Near Wilson Creek, Washington, we beheld a bright orange stripe on the cliff:
It’s a bold color, and it begs the question: What’s going on here?
Laterite, a tropical soil, has a similar color scheme, and I’ve seen laterite horizons sandwiched between lava flows before (e.g., at the Giant’s Causeway in northern Ireland). But when I zoomed in on this orange layer, it appeared to be vesicular basalt:
Can a basalt flow contact metamorphose an older basalt flow?
Maybe weathering is the key: So the story recorded here could therefore be: lava erupts, lava cools to basalt, basalt weathers from the top down, producing clay and rust-rich saprolite, new lava erupts, cooks weathered basalt beneath, baking it orange.
Other thoughts? Chime in.
That’s a very plausible scenario. And the vesicles could be the result of clay entrapped water suddenly turned to steam.
For comparison, look at the soil atop the upper basalt. Similar thickness, similar undulating lower boundary where it merges with the weathered basalt. The big difference is the color. It must’ve been a wetter climate then.

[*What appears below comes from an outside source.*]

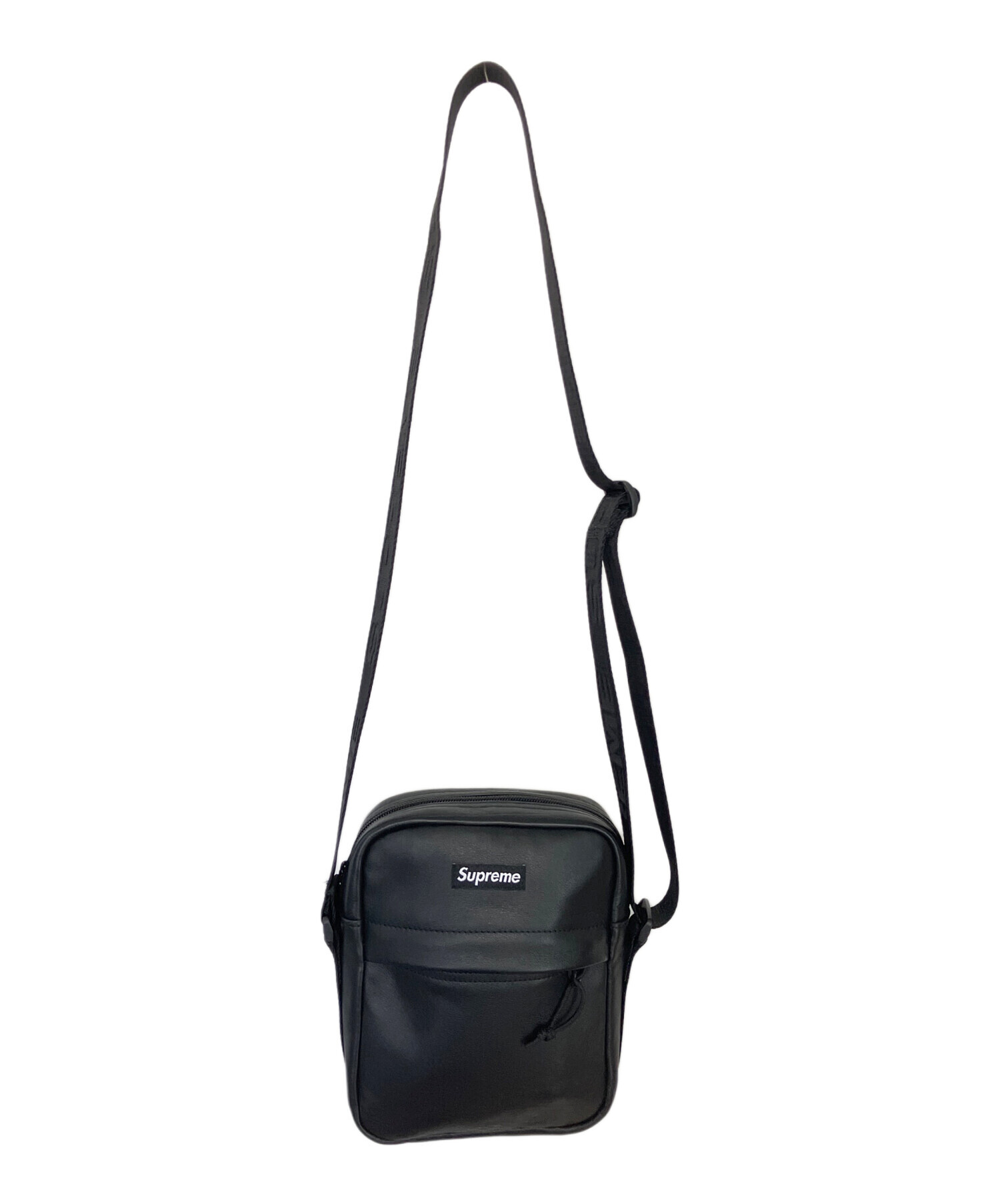 中古・古着通販】SUPREME (シュプリーム) 23AW レザーショルダーバッグ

I’d guess you pretty much nailed it. This exposure brings to mind an analogous situation at a roadcut that was a stop on one of our University of Calgary undergrad field trip stops in southern British Columbia, back in…ahem…1980. The road cut is at 50.569666, -119.885685. The GE satellite imagery is poor but look at the Streetview images. I looked up the notes I took of our professors’ armwaving during the field trip:
“…Monte Creek Road (to Vernon), volcanic clastics (Tertiary) overlain by basaltic lava flows. Weathered volcanics are redeposited in river bar, then overflowed by basalt. Upper 1-2 ft of clastics are baked (while wet) oxidizing iron, making clastics red…”
That pretty much jibes with your hypothesis. All that porosity in your vesicular basalt may have held lots of water, and/or Michael’s idea of steam-induced bubbles could also fit into the picture.